▶ **Directions**
Find the line containing "RAParts AMAA4655R Fender, Clamshell Style" in the entries below. Restate it and each line after it, word for word, up to and including the line containing "106 Egret Landing".

[Short text fragments from websites]
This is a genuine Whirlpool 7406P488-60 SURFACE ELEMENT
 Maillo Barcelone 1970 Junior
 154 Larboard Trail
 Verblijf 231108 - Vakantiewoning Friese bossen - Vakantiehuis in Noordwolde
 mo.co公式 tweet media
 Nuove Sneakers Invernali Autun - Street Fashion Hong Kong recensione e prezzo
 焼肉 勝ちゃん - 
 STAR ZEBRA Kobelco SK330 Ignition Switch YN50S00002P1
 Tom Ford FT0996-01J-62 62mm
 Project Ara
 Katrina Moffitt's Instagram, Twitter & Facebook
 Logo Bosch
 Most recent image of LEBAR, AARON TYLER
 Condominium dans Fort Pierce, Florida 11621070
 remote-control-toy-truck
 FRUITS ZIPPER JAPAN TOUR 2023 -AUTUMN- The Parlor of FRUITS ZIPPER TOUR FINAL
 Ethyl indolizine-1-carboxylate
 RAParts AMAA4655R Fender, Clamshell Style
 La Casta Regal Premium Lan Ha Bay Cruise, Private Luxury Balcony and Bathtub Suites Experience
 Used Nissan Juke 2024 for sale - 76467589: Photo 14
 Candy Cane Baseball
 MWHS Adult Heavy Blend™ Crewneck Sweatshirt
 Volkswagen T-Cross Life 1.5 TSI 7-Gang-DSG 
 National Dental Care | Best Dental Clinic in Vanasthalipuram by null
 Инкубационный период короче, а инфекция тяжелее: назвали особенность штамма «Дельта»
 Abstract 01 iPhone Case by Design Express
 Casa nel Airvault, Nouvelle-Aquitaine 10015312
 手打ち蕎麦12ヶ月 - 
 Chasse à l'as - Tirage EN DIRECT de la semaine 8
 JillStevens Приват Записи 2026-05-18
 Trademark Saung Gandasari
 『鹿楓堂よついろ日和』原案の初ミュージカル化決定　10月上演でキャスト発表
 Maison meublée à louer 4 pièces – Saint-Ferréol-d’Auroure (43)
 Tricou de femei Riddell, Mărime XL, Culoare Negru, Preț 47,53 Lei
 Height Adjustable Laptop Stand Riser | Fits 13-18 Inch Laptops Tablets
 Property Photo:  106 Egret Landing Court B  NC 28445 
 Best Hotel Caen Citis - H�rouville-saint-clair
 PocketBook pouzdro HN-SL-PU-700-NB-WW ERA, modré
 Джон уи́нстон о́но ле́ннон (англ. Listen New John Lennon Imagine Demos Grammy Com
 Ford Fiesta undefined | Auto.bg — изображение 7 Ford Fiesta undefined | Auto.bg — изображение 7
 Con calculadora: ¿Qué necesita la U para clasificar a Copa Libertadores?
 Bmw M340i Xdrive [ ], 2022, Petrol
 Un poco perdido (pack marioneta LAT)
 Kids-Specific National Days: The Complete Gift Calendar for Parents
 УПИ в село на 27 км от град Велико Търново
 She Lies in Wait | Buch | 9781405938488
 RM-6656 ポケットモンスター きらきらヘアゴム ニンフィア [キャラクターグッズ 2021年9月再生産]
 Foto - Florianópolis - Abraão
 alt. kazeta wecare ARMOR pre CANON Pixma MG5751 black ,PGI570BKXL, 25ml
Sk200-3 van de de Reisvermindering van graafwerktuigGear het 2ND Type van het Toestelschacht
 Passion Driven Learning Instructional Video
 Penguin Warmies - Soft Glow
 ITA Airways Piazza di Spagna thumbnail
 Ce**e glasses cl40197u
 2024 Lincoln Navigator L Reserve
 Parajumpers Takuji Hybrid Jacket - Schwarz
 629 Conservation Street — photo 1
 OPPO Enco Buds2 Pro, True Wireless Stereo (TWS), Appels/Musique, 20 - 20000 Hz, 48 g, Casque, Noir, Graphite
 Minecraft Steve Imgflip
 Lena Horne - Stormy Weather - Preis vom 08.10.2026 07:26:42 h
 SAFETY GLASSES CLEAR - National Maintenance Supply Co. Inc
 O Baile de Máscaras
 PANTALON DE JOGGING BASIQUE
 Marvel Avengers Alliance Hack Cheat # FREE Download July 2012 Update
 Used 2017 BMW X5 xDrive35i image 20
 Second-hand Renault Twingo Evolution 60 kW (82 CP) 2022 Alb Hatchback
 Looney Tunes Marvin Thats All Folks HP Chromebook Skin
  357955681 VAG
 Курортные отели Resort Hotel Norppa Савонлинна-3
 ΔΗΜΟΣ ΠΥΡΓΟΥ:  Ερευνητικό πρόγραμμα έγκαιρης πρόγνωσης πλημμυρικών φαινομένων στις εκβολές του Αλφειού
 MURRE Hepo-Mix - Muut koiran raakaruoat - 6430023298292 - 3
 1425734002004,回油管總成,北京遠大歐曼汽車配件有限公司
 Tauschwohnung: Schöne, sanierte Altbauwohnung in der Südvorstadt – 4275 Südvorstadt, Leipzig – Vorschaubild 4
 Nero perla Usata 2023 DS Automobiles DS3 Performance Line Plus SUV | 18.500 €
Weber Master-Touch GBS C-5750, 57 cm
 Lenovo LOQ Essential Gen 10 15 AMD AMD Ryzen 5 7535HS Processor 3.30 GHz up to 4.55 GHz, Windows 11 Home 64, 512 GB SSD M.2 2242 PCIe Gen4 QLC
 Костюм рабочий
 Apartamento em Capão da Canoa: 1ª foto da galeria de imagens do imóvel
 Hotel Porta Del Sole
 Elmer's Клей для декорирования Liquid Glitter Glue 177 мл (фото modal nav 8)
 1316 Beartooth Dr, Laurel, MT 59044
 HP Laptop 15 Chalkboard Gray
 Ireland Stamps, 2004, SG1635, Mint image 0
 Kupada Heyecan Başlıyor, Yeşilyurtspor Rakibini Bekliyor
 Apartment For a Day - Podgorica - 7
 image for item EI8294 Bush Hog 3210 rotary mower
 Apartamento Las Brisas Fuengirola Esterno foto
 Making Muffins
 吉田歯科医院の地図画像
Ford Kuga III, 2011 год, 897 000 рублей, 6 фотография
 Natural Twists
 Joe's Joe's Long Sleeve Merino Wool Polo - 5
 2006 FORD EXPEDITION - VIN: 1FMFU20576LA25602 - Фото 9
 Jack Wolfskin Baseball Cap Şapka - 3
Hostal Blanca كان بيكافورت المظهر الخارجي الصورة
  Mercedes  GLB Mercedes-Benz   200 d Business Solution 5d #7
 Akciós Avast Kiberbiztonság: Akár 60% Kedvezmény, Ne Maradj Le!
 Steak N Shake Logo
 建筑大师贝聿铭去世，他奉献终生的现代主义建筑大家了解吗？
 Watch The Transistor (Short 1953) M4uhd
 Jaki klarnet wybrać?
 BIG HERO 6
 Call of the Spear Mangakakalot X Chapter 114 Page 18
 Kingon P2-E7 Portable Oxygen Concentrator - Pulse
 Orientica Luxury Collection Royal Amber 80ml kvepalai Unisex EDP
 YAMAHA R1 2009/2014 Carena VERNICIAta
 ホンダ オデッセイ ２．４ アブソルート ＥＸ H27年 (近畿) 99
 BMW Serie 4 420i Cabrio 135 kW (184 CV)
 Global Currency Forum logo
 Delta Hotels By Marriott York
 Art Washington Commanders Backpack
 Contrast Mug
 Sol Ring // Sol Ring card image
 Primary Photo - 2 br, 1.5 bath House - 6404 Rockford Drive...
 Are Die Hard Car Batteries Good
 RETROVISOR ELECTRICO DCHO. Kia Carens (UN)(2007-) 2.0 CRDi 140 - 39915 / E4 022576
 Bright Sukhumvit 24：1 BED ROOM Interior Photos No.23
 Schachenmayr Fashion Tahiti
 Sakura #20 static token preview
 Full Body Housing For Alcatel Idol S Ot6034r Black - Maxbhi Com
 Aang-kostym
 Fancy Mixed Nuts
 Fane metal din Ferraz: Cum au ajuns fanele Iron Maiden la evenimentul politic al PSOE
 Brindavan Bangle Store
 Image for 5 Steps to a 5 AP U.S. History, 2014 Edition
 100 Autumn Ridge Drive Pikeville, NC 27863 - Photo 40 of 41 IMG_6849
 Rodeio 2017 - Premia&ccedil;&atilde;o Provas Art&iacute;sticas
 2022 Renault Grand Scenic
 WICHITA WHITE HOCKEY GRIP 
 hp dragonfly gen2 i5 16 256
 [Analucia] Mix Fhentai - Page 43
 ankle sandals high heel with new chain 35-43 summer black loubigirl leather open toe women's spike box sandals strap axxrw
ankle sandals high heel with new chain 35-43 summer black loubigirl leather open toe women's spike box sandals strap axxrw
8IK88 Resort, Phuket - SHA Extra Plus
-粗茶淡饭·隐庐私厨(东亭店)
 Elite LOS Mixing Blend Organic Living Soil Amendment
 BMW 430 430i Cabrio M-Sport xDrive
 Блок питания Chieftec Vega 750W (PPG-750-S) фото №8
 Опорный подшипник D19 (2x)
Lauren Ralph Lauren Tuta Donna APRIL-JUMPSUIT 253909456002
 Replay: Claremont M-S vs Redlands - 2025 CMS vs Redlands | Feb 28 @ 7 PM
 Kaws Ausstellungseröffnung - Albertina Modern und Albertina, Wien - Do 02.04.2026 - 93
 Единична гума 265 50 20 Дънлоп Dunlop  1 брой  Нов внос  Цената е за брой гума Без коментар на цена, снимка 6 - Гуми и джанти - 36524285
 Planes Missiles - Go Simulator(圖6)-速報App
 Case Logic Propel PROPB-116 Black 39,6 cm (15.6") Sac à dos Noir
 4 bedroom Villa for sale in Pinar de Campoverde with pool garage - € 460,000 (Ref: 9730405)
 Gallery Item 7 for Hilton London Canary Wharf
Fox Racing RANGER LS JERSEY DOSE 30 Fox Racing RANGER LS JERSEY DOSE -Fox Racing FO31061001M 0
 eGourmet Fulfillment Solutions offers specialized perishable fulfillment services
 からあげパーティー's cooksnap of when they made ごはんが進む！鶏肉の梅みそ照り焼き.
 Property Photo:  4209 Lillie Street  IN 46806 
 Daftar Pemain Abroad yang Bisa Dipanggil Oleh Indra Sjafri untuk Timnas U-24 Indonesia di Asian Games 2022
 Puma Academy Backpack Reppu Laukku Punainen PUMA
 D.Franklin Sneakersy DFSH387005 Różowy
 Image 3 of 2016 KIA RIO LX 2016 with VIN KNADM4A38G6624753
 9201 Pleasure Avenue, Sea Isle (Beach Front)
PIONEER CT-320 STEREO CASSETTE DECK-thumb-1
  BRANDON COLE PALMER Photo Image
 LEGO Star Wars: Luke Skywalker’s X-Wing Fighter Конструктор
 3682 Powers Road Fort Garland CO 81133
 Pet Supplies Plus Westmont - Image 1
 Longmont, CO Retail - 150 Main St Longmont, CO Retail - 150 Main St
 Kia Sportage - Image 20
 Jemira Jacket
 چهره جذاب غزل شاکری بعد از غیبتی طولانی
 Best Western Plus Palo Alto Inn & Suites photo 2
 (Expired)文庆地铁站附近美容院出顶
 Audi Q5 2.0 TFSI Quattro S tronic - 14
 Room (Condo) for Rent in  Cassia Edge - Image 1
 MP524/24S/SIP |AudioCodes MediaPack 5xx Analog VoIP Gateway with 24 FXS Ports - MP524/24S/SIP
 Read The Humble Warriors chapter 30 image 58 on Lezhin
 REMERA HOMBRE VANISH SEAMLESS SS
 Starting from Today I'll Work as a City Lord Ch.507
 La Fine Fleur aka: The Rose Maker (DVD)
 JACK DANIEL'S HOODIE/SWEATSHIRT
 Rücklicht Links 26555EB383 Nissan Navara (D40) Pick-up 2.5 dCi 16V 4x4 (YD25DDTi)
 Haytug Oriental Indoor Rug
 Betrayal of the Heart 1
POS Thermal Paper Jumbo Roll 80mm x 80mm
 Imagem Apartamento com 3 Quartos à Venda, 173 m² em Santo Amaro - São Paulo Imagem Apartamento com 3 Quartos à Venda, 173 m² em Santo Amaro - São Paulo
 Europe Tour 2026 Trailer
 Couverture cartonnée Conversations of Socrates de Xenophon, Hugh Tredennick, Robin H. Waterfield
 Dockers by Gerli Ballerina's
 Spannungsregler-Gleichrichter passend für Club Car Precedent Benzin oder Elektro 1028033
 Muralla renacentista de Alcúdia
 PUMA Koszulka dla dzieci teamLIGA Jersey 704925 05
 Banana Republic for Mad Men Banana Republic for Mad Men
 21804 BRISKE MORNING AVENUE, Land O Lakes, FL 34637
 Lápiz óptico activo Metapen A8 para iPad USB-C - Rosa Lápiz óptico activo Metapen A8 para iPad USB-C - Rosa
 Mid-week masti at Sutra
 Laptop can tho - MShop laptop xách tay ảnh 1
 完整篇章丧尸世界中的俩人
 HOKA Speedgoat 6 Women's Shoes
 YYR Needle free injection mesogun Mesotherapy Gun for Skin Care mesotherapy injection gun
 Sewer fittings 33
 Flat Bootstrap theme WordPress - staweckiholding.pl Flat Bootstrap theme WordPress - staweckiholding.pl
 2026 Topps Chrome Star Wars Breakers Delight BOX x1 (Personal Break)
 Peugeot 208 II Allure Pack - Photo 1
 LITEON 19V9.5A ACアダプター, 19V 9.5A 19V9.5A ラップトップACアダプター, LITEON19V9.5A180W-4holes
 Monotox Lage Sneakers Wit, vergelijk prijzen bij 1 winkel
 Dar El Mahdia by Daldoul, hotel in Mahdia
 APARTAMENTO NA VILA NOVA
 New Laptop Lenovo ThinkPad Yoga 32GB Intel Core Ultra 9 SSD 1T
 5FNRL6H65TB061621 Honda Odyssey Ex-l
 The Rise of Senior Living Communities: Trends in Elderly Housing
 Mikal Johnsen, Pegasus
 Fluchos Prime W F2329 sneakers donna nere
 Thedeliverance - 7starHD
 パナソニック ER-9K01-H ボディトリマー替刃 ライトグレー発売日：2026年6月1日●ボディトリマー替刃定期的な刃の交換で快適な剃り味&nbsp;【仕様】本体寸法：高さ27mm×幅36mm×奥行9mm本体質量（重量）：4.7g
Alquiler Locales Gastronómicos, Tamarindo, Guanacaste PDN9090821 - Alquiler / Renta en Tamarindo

▶ **Response to this exercise**
 RAParts AMAA4655R Fender, Clamshell Style
 La Casta Regal Premium Lan Ha Bay Cruise, Private Luxury Balcony and Bathtub Suites Experience
 Used Nissan Juke 2024 for sale - 76467589: Photo 14
 Candy Cane Baseball
 MWHS Adult Heavy Blend™ Crewneck Sweatshirt
 Volkswagen T-Cross Life 1.5 TSI 7-Gang-DSG 
 National Dental Care | Best Dental Clinic in Vanasthalipuram by null
 Инкубационный период короче, а инфекция тяжелее: назвали особенность штамма «Дельта»
 Abstract 01 iPhone Case by Design Express
 Casa nel Airvault, Nouvelle-Aquitaine 10015312
 手打ち蕎麦12ヶ月 - 
 Chasse à l'as - Tirage EN DIRECT de la semaine 8
 JillStevens Приват Записи 2026-05-18
 Trademark Saung Gandasari
 『鹿楓堂よついろ日和』原案の初ミュージカル化決定　10月上演でキャスト発表
 Maison meublée à louer 4 pièces – Saint-Ferréol-d’Auroure (43)
 Tricou de femei Riddell, Mărime XL, Culoare Negru, Preț 47,53 Lei
 Height Adjustable Laptop Stand Riser | Fits 13-18 Inch Laptops Tablets
 Property Photo:  106 Egret Landing Court B  NC 28445 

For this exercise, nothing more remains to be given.